6:27 p.m. 10/27/2011: Every Texas Rangers fan is going through the same scenario in their minds right now – they are remembering their first trip to a Rangers game, and are still amazed how far this team has really come.
For the better part of 40 years the Texas Rangers were the also-rans of baseball – former Rangers beat writer Mike Shropshire’s memoir of his time covering the team is called ‘Seasons in Hell‘ for good reason. The Rangers, for most of our collective lives, have been awful. Those days are gone, but old times are not forgotten.
Granted, Rangers fans had their ‘wow’ moment last year, the season that ended with the Rangers in their first World Series.
But this year has been different. We fans have been able to sense from the team that they KNOW they are going to win their first World Champion crown.
As an old-school Texas Rangers fan, I’m going to go off script for a moment and write from the heart.
No, that does not mean I’m going to hate on everyone and call them a bandwagoner, or call out their true Rangers fan creds – I freely welcome you to the wagon, I’ve just been sitting here longer.
No, this little trip down memory lane is just that, a collection of memories that every Rangers fan can emulate – you all have your stories and emotions that are coming out as you watch.
I’ve been a Rangers fan since I was 6. I guess I could have said I’ve been one since birth, but the truth is I was a fan of the A-Team first, then the Transformers, then my Hot Weels.
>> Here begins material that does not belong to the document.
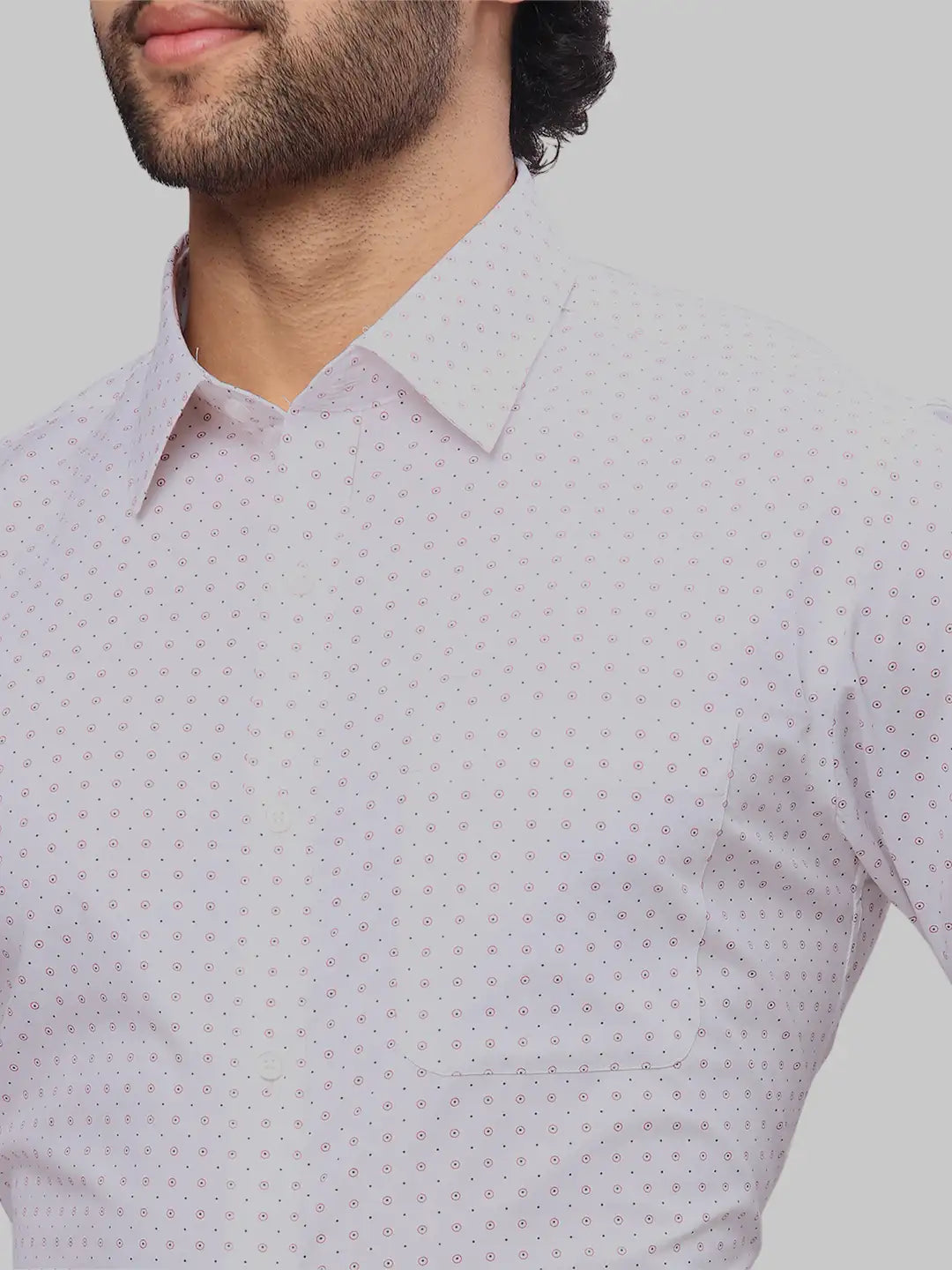 Raymond Men Grey Slim Fit Printed Cotton Full Sleeves Semi Cut Away Collar Shirt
But I discovered baseball in 1985, and the Rangers have had my heart since.
NPR’s Robert Krulwich recently had an article about how we become fans of our father’s teams. As a child of divorce I have to say that was not the case for me. I became a fan of my mother’s team.
My mom was one of the few women I’ve met over the years who was truly passionate about baseball. I know there are plenty of women out there who love the game, but I didn’t know them as intimately as I did my mom.
My mom and I easily went to hundreds of games when I was growing up. She worked at a place where tickets were easy to come by, so we spent a lot of time in old Arlington Stadium, sitting along the 3rd base line and watching such powerhouse players as Oil Can Boyd, Don Slaught, and the great Bobby Witt.
I can’t explain cheering for Bobby Witt other than to say I recently came across his 1991 Fleer baseball card (the ones with the really bright yellow border) – so memories flood back of me sitting in our seats underneath the Diamond Suites. I carried a bag with me to hold a scorecard, some peanuts, and my baseball cards.
Those memories are made much more real each time the Rangers inch closer to the ultimate celebration in baseball. It’s almost like living through that as a fan gives you much more license to cheer than if you never experienced the bad years. We’ve had plenty of bad years.
I no longer have my mom here to cheer with during these games, but I know that if she were here she’d be cheering as loud as anyone. She would be one of those fans who dropped everything to get to St. Louis Wednesday only to have it called for rain. She wouldn’t have complained either – she’d make the most of the visit with other fans.
So tonight, Rangers fan, as you watch Game 6 remember those long summer nights at Arlington Stadium or the Ballpark, and think about the people who you watched them with. Cheer for these Rangers, because they are about to do something truly special for you – they are about to win the World Series.